ASIC escapes sanction over Storm collapse

Deficiencies in a statement of claim made by victims of the Storm Financial collapse, have seen their allegations of misfeasance and negligence against the Australian Securities and Investments Commission (ASIC) dismissed by the Federal Court of Australia.

The victims claimed that ASIC was aware of the risks posed by Storm's advice model, and breached its duty of care by failing "to do certain things to disclose, address, minimise or avoid", in a further amended statement of claim (FASOC), the firm's collapse.

In a 277 point judgment, Federal Court Justice, Jacqueline Gleeson, said the statement of claim was "so deficient" it was liable to be struck out in its entirety.

Related News:

"To the extent that it is alleged that ASIC should have imposed a licence condition upon Storm, the FASOC is deficient in that it does not allege that, had the relevant licence condition been imposed, the plaintiffs would not have suffered financial loss," Justice Gleeson said.

"The plaintiffs have had ample opportunity to plead a reasonable cause of action.
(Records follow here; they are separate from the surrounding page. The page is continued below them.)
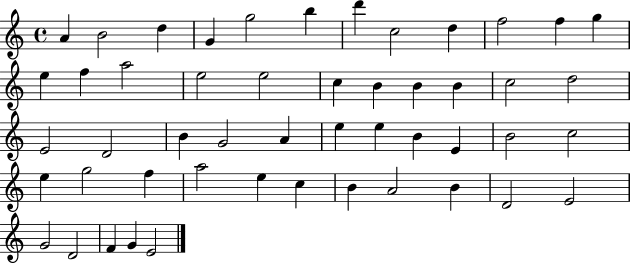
X:1
T:Untitled
M:4/4
L:1/4
K:C
A B2 d G g2 b d' c2 d f2 f g e f a2 e2 e2 c B B B c2 d2 E2 D2 B G2 A e e B E B2 c2 e g2 f a2 e c B A2 B D2 E2 G2 D2 F G E2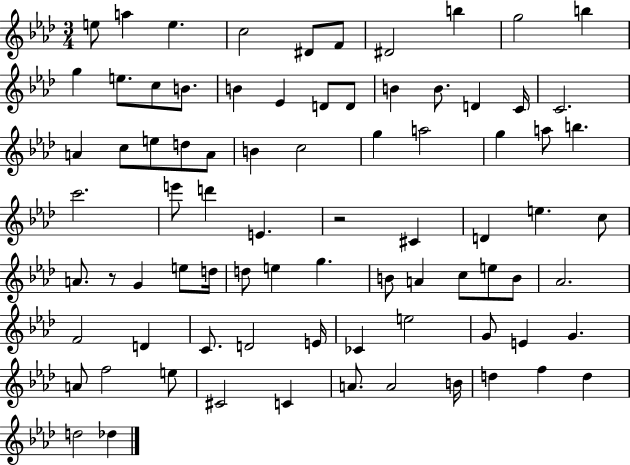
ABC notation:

X:1
T:Untitled
M:3/4
L:1/4
K:Ab
e/2 a e c2 ^D/2 F/2 ^D2 b g2 b g e/2 c/2 B/2 B _E D/2 D/2 B B/2 D C/4 C2 A c/2 e/2 d/2 A/2 B c2 g a2 g a/2 b c'2 e'/2 d' E z2 ^C D e c/2 A/2 z/2 G e/2 d/4 d/2 e g B/2 A c/2 e/2 B/2 _A2 F2 D C/2 D2 E/4 _C e2 G/2 E G A/2 f2 e/2 ^C2 C A/2 A2 B/4 d f d d2 _d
The first directions hearing in this action was held on 4 February 2015.

"At that directions hearing the plaintiffs sought an adjournment of three months, with no directions to progress the action. The adjournment was sought because the plaintiffs had made an application under the Freedom of Information Act 1982 (Cth).

"Over ASIC's opposition the plaintiffs were granted the three month adjournment on the basis that, in that three month period, the statement of claim would be put into the form which constituted the plaintiffs' ‘final effort', to which they were ‘committed'.
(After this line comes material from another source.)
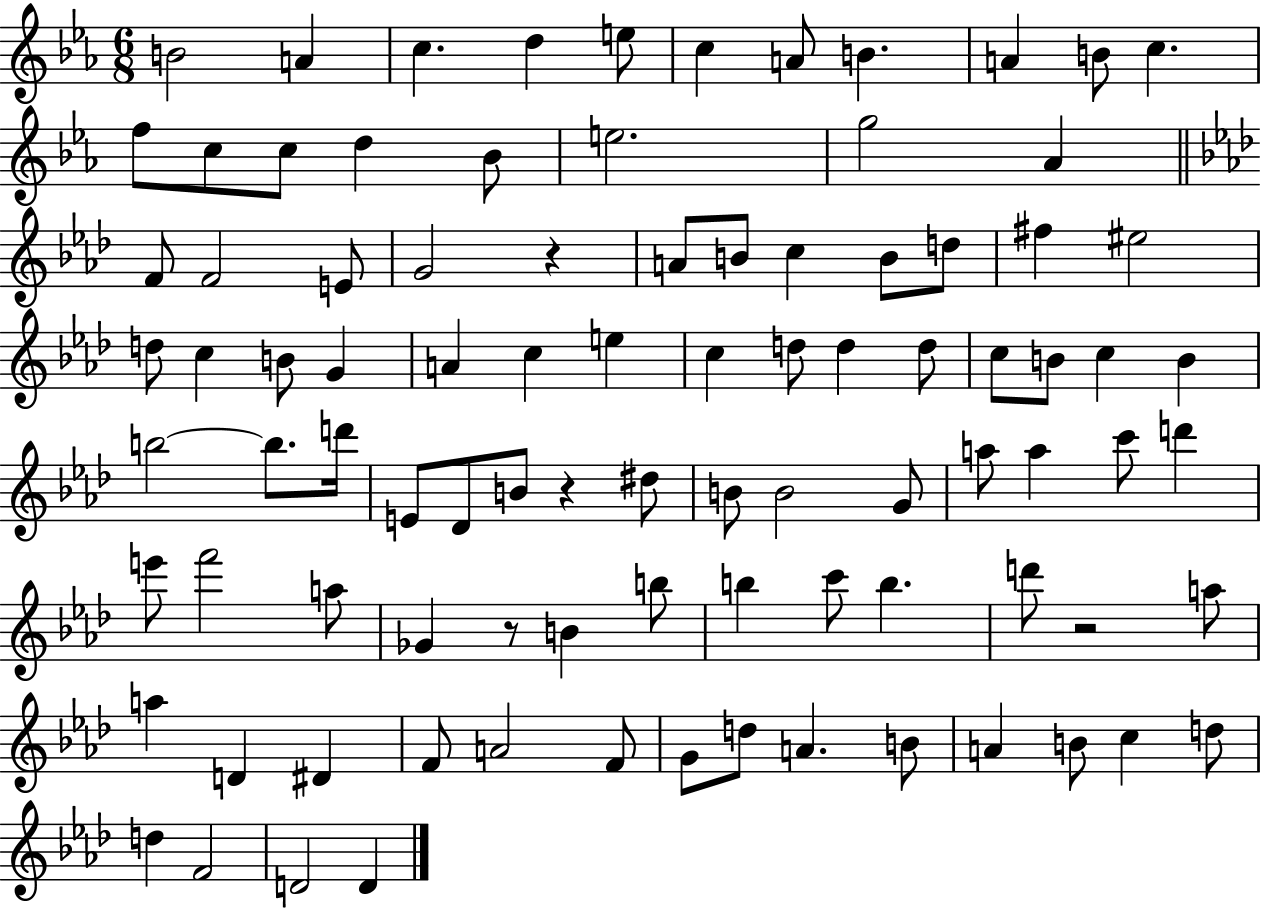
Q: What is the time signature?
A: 6/8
"There is no reason to believe that the plaintiffs are able to plead additional facts that would support a reasonable cause of action. Accordingly, I will not grant leave to the plaintiffs to file a second further amended statement of claim."

Recommended for you



Does anyone know if the FOI request was provided to the plantiff?

Well done Levitt Robinson, bleed all the ex-storm clients for as much money as you can and make promises you don't keep and when you can't get any more money from them give up. ASIC should investigate Stewart Levitt.

While I don't like the plethora of ambulance chasing solicitor firms that have sprung up in our sector post GFC, we did assist a number of Storm victims and prior to the GFC, ASIC did a compliance check and gave Storm a clean bill of health. Likewise, when the proverbial hit the fan, in a knee jerk reaction ASIC sought damages for clients but this actually has since hampered those same clients from gaining further and more adequate compensation.

Bit like a doctor misdiagnosing and giving the all clear, then panicking rushing into surgery when later results show malignancy, but then proceeding to chop off the wrong testicle... But hey, let's absolve them for any incompetence.

My understanding is that there are a number of ex-Storm FP's still in our industry, and most of the ex-Storm FP's (active or not) haven't suffered as much financial ruin as they wrought on their victims, um I mean 'clients'. The big K still lives in a mansion with an opulent lifestyle and isn't behind bars either. Surely, if nothing else that shows ASIC are not capable - and interestingly rather than pursuing this with all resources, are content to make the lives of every other professional in our industry more onerous, and push political agendas surprisingly in line with the ISA...

And if I sound bitter, having dealt first hand with multitudes of Storm victims, average Australian's lives ruined irrevocably with utterly hopeless handling from ASIC, you are damn right I am. I can't blame them for grasping at any straw to help make it right.